Extracted data entries
▬▬▬▬▬▬
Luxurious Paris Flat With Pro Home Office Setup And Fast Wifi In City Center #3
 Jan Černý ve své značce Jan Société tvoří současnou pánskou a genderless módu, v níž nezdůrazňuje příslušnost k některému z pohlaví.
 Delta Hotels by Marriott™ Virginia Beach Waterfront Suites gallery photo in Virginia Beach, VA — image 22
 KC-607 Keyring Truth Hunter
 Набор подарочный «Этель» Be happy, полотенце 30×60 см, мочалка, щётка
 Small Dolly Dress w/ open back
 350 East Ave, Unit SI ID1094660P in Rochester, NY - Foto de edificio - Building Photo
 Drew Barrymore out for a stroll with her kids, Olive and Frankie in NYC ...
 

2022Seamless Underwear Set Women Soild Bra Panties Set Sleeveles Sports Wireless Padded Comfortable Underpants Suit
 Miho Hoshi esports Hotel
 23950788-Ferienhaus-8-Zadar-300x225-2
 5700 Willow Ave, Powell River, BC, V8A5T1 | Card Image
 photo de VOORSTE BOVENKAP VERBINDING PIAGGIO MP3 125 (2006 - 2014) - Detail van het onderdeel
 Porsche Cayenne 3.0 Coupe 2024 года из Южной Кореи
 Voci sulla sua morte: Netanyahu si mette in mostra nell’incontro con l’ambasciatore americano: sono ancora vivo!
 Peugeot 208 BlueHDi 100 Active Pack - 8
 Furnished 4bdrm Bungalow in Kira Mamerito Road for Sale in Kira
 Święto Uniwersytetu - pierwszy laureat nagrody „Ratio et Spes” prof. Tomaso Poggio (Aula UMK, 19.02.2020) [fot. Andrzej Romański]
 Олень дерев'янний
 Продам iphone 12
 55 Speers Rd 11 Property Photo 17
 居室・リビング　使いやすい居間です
▬▬▬▬▬▬
__What to work on__
Every record above is to be written out exactly.

__Answer__
Luxurious Paris Flat With Pro Home Office Setup And Fast Wifi In City Center #3
 Jan Černý ve své značce Jan Société tvoří současnou pánskou a genderless módu, v níž nezdůrazňuje příslušnost k některému z pohlaví.
 Delta Hotels by Marriott™ Virginia Beach Waterfront Suites gallery photo in Virginia Beach, VA — image 22
 KC-607 Keyring Truth Hunter
 Набор подарочный «Этель» Be happy, полотенце 30×60 см, мочалка, щётка
 Small Dolly Dress w/ open back
 350 East Ave, Unit SI ID1094660P in Rochester, NY - Foto de edificio - Building Photo
 Drew Barrymore out for a stroll with her kids, Olive and Frankie in NYC ...
 

2022Seamless Underwear Set Women Soild Bra Panties Set Sleeveles Sports Wireless Padded Comfortable Underpants Suit
 Miho Hoshi esports Hotel
 23950788-Ferienhaus-8-Zadar-300x225-2
 5700 Willow Ave, Powell River, BC, V8A5T1 | Card Image
 photo de VOORSTE BOVENKAP VERBINDING PIAGGIO MP3 125 (2006 - 2014) - Detail van het onderdeel
 Porsche Cayenne 3.0 Coupe 2024 года из Южной Кореи
 Voci sulla sua morte: Netanyahu si mette in mostra nell’incontro con l’ambasciatore americano: sono ancora vivo!
 Peugeot 208 BlueHDi 100 Active Pack - 8
 Furnished 4bdrm Bungalow in Kira Mamerito Road for Sale in Kira
 Święto Uniwersytetu - pierwszy laureat nagrody „Ratio et Spes” prof. Tomaso Poggio (Aula UMK, 19.02.2020) [fot. Andrzej Romański]
 Олень дерев'янний
 Продам iphone 12
 55 Speers Rd 11 Property Photo 17
 居室・リビング　使いやすい居間です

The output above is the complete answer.